In the material below, please retype the lines from the very first through the one with "Strawberry Raspberry &", exactly and without pictures.

Data for review:
****************
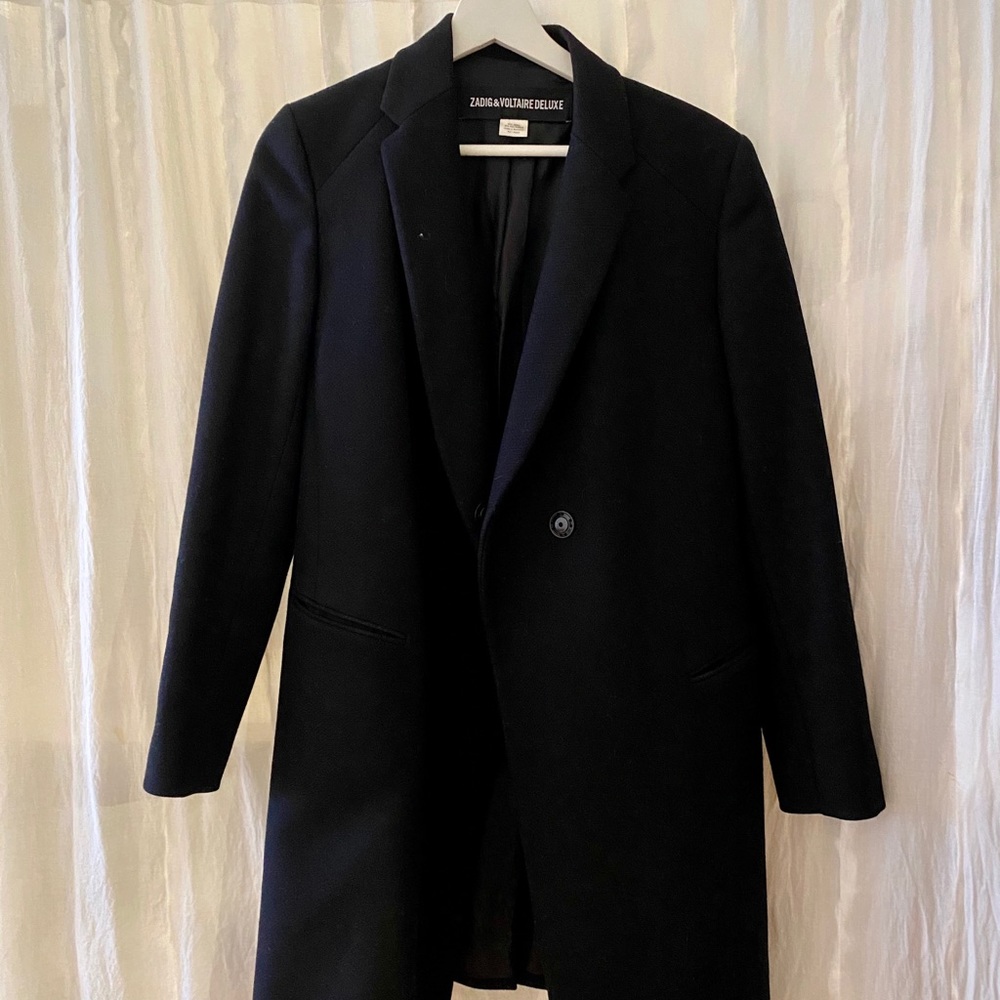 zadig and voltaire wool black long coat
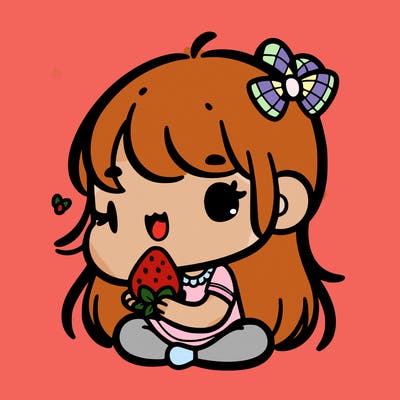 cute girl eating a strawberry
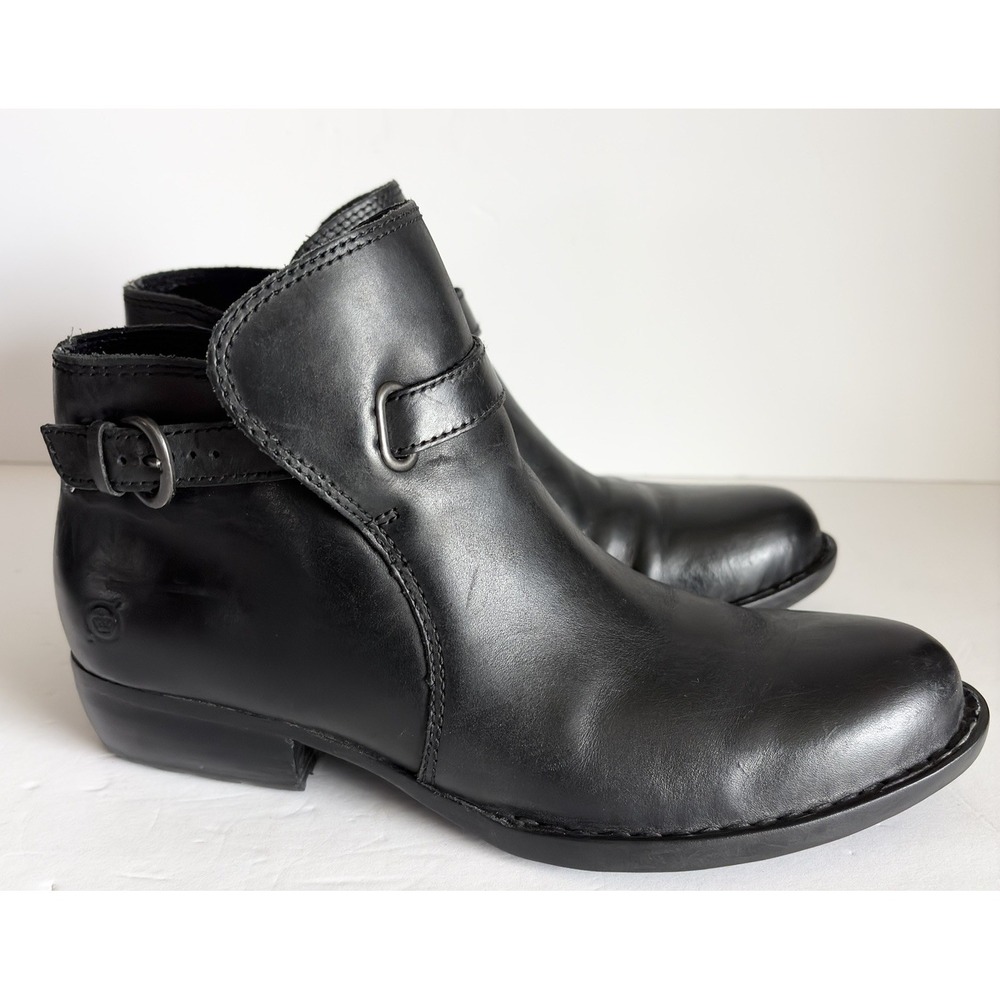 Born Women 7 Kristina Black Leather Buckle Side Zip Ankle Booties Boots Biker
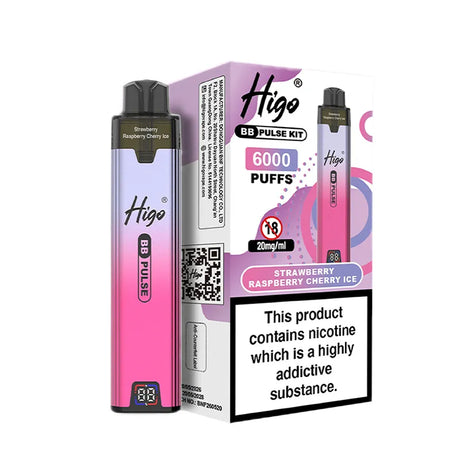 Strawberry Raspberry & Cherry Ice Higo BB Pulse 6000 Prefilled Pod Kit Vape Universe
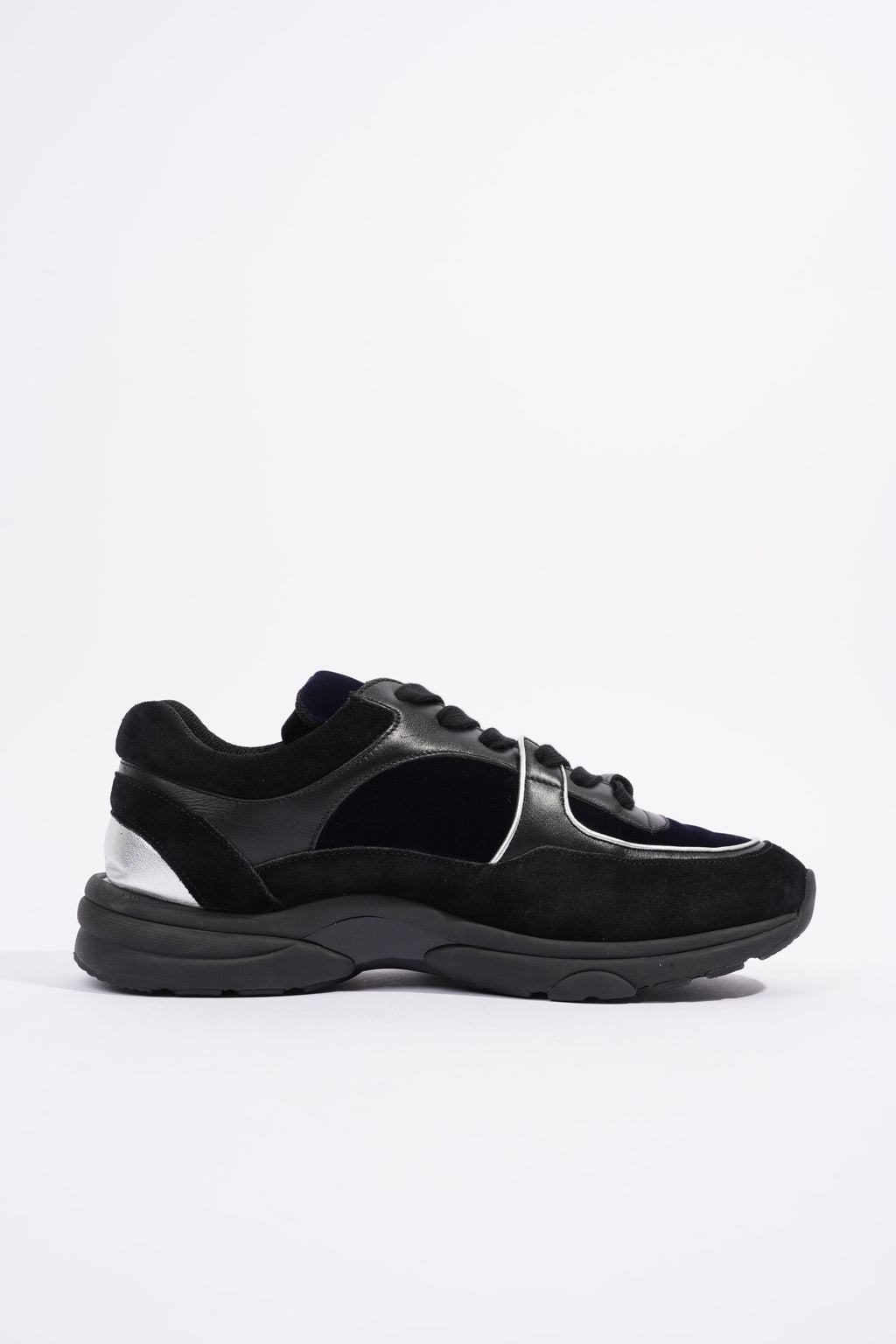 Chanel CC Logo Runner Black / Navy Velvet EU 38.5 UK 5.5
****************
Solution to this task:
 zadig and voltaire wool black long coat
 cute girl eating a strawberry
 Born Women 7 Kristina Black Leather Buckle Side Zip Ankle Booties Boots Biker
 Strawberry Raspberry & Cherry Ice Higo BB Pulse 6000 Prefilled Pod Kit Vape Universe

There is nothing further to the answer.